The sunlight still woke me up through the sleep mask. I decided yesterday I was going to sleep long and well this night, yet somehow, it doesn't work. I am still hoping that in 13 days I will:
There will be a net for bugs and the silence of the inner yard will cover my nights as the cold wind caresses my feet. It will be alright if my upstairs neighbour wakes me up in the mornings, cause no one will smash my head in dreams throughout the night and the toilet will be clean and orderly, the kitchen will be empty, so my morning ginger & turmeric concoction will be more healing than before. I'll sit on the balcony to enjoy the freshness in the summer, just a little break at the beginning of the day to start it with the rhythm and mental space I need and deserve, hopefully, thoughts like the one today, won't cloud my every second.
I know the importance of sleep and routines, and this year I have been living the consequences of not following my own advice. I woke up and the first feeling I had was of tiredness, in an existential way, it said: "How many more times will I have to wake up?"
There is no fear of death, no wish for change, no pressure, no rush. I am completely free today, yet no prospect gave me any joy, I just felt hopeless. No trip to the beach, no forest walk, no peaceful home in the woods, no herb garden, no yoga class, no art, no creation, nothing moved my heart; For the change I wish to have feels unattainable, it's that of complete systemic & cultural death: A new era of the outside as much as inside, maybe I just need more patience.
As above, so below. There's so much to learn and to do, but I can't seem to find the strength in this body, I'm full of tiredness, though I'm so young. I was born old within, but it's this heavy body that keeps my infinite mind from realising those ideas, and it's this wounded heart that keeps this fire from daring to bring my dreams to life.
- The content of this brain has changed so much in the last years. From heartache to its source, from fears to dreams and from questions to answers: I'm still the same. Can you believe we can hold so many worlds within? So much wisdom and stupidity all in the same drawer of our brains... We are so dumb, yet so marvellous.
It's the capacity of holding opposing thoughts and accepting them all, that makes us who we are.
There's not one reality, but many, within what we experience as "the reality", and I'm not going spiritual here, but psychological: I may say no and do no, someone may hear yes and see no, hence an explosion of confusion in their mind and heart.

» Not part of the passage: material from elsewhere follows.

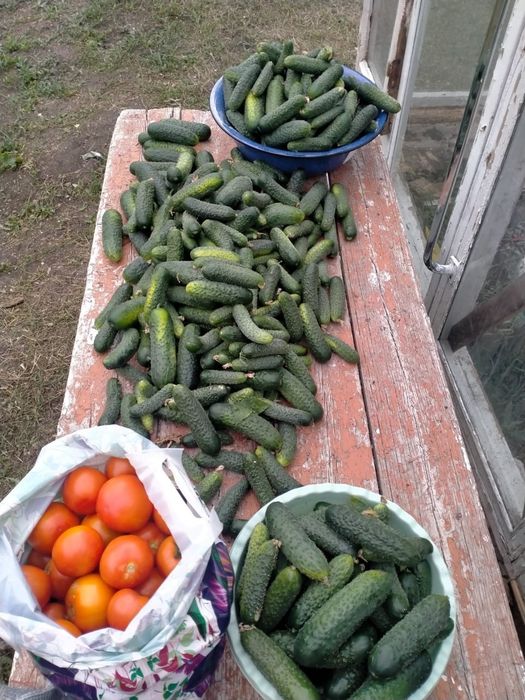 Продам просторный коттедж дуплекс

Even though we believe language is so direct and explicit, most times it's not, for our experiences of reality are so utterly different, our words can have opposing meanings and the ways we translate our abstract thoughts into less abstract languages can create much miscommunication.
Once again I am sorry. I continue to feel guilty for so much, so confused about what I could have done differently or what I should have done. I take refuge in the reminder that I tried my best with the capacities I had, and I continue to do that, as I still revise this story again and again, all that happened and how I could have acted aligned with my values, boundaries and needs, with my heart instead of my void.
Yet I must remind myself my heart was tired and hiding, for the reopening of deep wounds had taken a toll on it. Beating but raw and bleeding out, just as my brain was swollen from all the failed attempts to translate and drained from the dismissal of its own experiences and perception.
I hope someday I can forgive myself for causing so much pain.
I hope someday I'm not cursed and heavy with his feelings and thoughts.
I hope someday he'll find his own worth, love and happiness, for it's a hard world we live in and having one's own back can bring light to soothe our fears and wounds so we can move through the darkness into a place where our deepest dreams are realised.
From the distance that I aim to keep, I'm sending good things his way.